Narvaez, the Queen of Ferdinand VII., Cristina, and
many other persons appear in the books, giving one
the impression that history is alive, and not the
record of long-dead actors we are accustomed to find
it. Galdos appears to despise any kind of plot;
the events run on, as they did in fact run on, only
there are one or two people who take part in them
whom we may suppose to be creations of the author’s
brain. Certainly, one learns more contemporary
history by reading these
Episodes of Perez
Galdos, and realises all the scenes of it much more
vividly than one would ever do by the reading of ordinary
records of events. As the tendency and the sympathy
of the writer is always Liberal, one fancies that
Galdos has written with the determined intention to
tempt a class of readers to become acquainted with
the recent history of their country who would never
do so under any less attractive form than that of
the novel. His works must do good, since they
are very widely read, and are extremely accurate as
history. His play,
Electra, which is just
now giving him such wide celebrity, is of the actual
time, and the scene is laid wholly in Madrid.
The freedom that he advocates for women is merely
that which Englishwomen have always enjoyed, or, at
least, since mediaeval times, and has nothing in common
with the emancipation which our “new women”
claim for themselves. Galdos, also, is fond of
introducing the simple-minded and honest, if not very
cultivated, priest. His style is pure, without
any great pretention to brilliancy, or any of the
straining after effect which so many of the English
writers seem to think gives distinction.
Pedro Alarcon is novelist first, and historian, poet,
and critic afterwards. That is to say, his novels
are his best-known and most widely read works.
He has two distinct styles. His Sombrero de
Tres Picos is a fascinating sketch of quaint old
village life, full of quiet grace, while El Escandalo
and La Prodiga are of the sensational order.
He writes, like Galdos, in series, such as Historietas
Nacionales, Narraciones Inverosimiles, and
Viajes por Espana. Parada is a native
of Santander, and writes of his beloved countrymen.

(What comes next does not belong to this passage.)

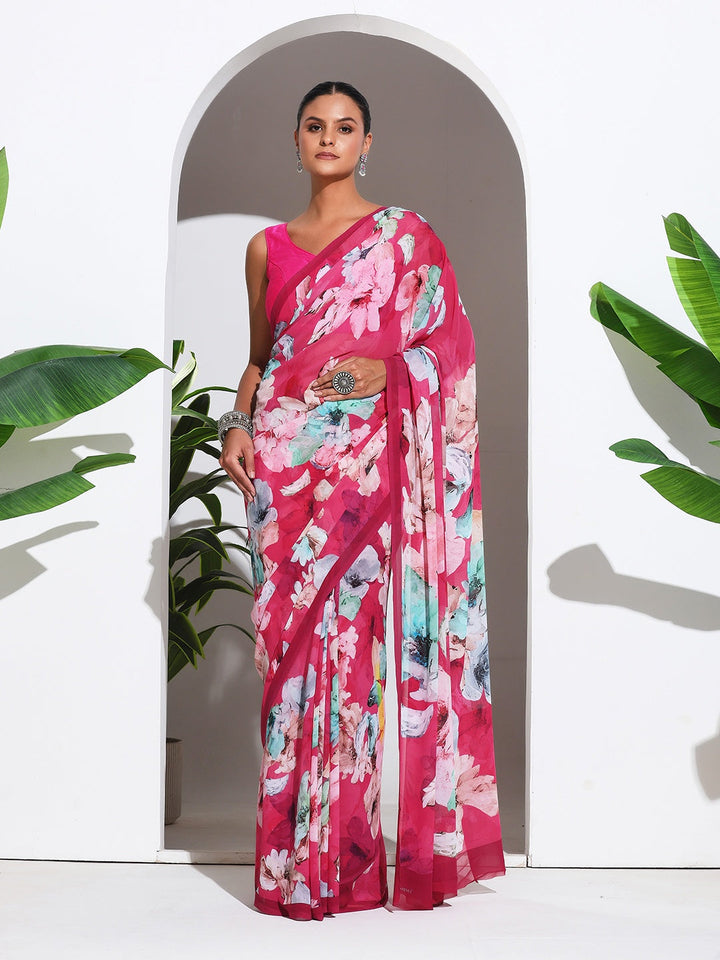 Floral Printed Georgette Saree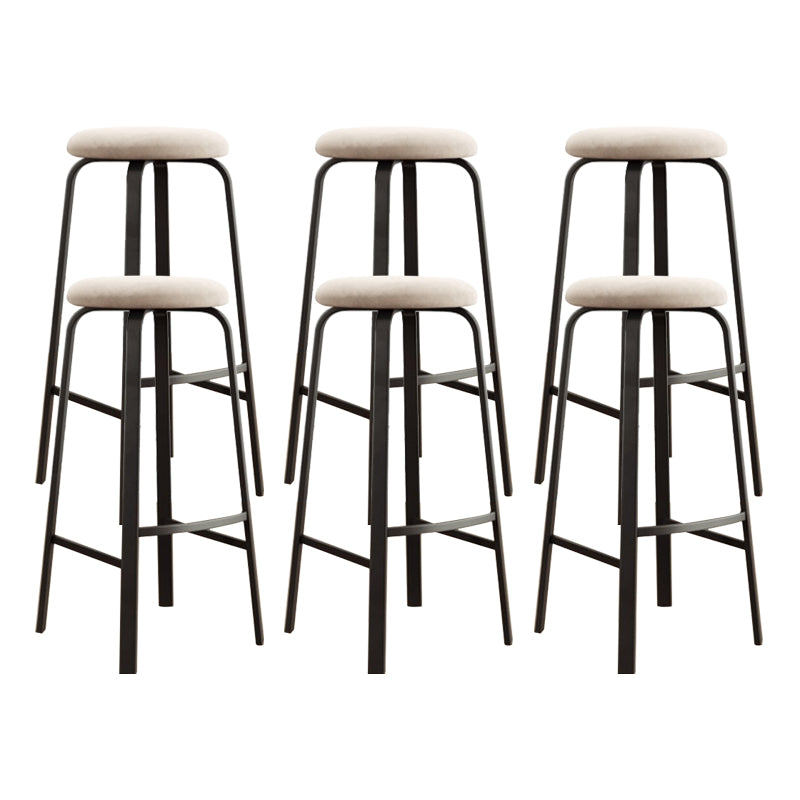 Modern Stackable Armless Counter Stool Iron Bar Stool with Cushion and Pedal for Cafe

Sotilezas, his best-known, and perhaps best,
novel, treats of life among the fisher-folk of Santander,
before it became an industrial town. Writing
in dialect makes many of his stories puzzling, if not
impossible for foreign readers.
The lady who writes under the pseudonym of “Emelia
Pardo Bazan” may be said to be the leader or
the pioneer of women’s emancipation in the sense
in which we use the words. She is a native of
Galicia, and is imbued with that intense love of her
native province which distinguishes the people of
the mountains. Her novels are chiefly pictures
of its scenery and the life of its people, though
in at least one she does not hesitate to take her
readers behind the scenes of student life in Madrid.